江城穿越之扳手间的担当

        一、建筑工地的扳手与带锈的指尖

        上海某建筑工地的清晨总飘着水泥灰与工地食堂馒头的混合味道,我守在快餐店柜台后,看刘强穿着藏蓝色工装忙碌。他的袖口沾着深褐色铁锈与水泥渍,是昨天绑扎钢筋时蹭的;胸前别着“安全施工”红袖章,边角被钢筋勾得有些毛边;裤脚卷到膝盖,露出贴满膏药的小腿,膏药边缘卷着边,是长期扛重物磨的;左手握钢筋扳手,手柄包着旧布条防滑,扳手边缘磨得发亮,沾着褐色铁锈;右手正弯腰绑扎钢筋——指尖因长期握工具、搬运重物泛着厚茧,指缝里藏着点水泥灰,连指甲盖都嵌着黑色污垢,是清理钢筋锈迹时蹭的,洗了好几遍都没洗掉。
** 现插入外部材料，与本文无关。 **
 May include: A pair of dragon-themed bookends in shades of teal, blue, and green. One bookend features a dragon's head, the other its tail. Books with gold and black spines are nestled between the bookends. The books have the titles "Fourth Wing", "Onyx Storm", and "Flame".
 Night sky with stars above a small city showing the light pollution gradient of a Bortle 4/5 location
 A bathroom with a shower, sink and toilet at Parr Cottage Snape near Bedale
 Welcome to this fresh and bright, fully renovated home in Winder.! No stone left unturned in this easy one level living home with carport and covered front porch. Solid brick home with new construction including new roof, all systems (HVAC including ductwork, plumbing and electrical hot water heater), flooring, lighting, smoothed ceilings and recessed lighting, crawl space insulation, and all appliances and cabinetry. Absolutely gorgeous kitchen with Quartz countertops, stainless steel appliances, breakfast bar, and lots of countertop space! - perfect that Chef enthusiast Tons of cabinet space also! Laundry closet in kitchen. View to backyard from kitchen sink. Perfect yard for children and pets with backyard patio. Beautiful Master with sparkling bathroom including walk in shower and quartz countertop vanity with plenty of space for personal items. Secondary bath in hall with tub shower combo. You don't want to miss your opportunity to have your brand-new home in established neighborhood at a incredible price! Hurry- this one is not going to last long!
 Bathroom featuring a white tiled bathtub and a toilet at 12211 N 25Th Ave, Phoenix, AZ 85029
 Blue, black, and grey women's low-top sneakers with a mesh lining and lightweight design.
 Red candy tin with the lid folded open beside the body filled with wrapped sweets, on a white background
        他的工地工具棚旁永远摆着三样东西:泡着浓茶的搪瓷缸,缸身印着“建设上海”的红色字样,茶垢厚得遮住大半字迹,是凌晨起早犯困用来提神的,他说“喝口浓茶,能撑到中午不打盹”;记满“生活清单”的旧笔记本,封面用透明胶带粘补过,某页用铅笔写着“本月寄家5000元:妈买关节炎膏药100元、儿子交补课费1200元、生活费3700元”“工地赶工期:下周加班3天,多赚2000元,给妈买理疗仪”;还有张家人的合照,用透明塑封包着,压在工具棚桌子下,照片上妻子举着金黄的小麦穗,儿子笑着比耶,背面用马克笔写着“老婆,妈要是疼得厉害就去县医院,别心疼钱”。午休时,他会靠在钢筋堆旁啃馒头,是工地食堂买的,1.5元一个,就着1元钱的咸菜吃,左手捏着馒头,眼睛却盯着手机——怕错过妻子发来的“母亲病情”消息,也怕工头突然通知加班,馒头掉渣落在工装上,他都没顾上拍,只说“干工地就得实在,钢筋绑得牢,大楼才结实,家里老小的饭碗,全靠这双手扛着”。
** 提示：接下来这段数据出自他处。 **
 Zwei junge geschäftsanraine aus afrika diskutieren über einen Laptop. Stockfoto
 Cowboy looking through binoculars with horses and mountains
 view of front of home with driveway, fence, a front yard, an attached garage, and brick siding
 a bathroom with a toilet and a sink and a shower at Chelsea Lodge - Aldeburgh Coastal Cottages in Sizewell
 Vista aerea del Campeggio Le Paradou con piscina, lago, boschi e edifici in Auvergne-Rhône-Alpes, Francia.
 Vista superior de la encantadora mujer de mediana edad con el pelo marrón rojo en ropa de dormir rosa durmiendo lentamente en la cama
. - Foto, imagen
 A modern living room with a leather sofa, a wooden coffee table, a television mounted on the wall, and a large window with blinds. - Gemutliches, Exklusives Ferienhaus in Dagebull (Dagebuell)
        上周暴雨夜,我关快餐店门时,撞见他在工地旁对着手机红着眼。藏蓝色工装被雨水打湿,紧紧贴在身上,头发上滴着水,顺着脸颊往下流;手里攥着张皱巴巴的工资条,上面写着“季度工资18000元,延迟1个月发放”;手机屏幕亮着妻子发来的消息:“妈关节炎犯了,县医院说要做理疗,得交3000元,儿子补课费也该交了,你那边工资能到吗?”而他手里只剩800元,刚给母亲买了100元膏药,群租房房租还没交,工头说“赶完这栋楼就发工资”,可他知道,上次工资延迟了2个月,母亲的理疗费不能再拖,儿子也等着补课费上课。
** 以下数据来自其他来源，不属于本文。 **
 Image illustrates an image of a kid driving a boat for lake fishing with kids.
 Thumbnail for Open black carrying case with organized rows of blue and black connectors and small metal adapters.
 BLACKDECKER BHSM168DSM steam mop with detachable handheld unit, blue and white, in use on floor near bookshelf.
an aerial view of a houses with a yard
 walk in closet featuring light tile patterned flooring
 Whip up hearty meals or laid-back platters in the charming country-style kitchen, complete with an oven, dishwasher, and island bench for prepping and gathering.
        这时他的手机突然震动,是工友老张发来的消息:“强子,明天有临时搬运活,扛水泥到10楼,一天500元,你去不去?”他赶紧用手背擦眼泪,对着手机回复“去!明天5点我准时到”,挂了电话却对着空搪瓷缸发呆——缸底还剩点浓茶渣,上次儿子生日,他想寄个篮球,却因为工资没到账,最后只发了500元红包,群租房的灯泡坏了半个月,怕花10元维修费,只能靠手机手电筒照明。后来才知道,他第二天凌晨5点就去扛水泥,10楼没电梯,他扛着50斤的水泥袋爬楼梯,每爬一层都要歇会儿,腰累得直不起来,晚上回到群租房,发现腰上的膏药都被汗水浸透,却笑着跟老张说“多扛几袋,妈就能做理疗了”。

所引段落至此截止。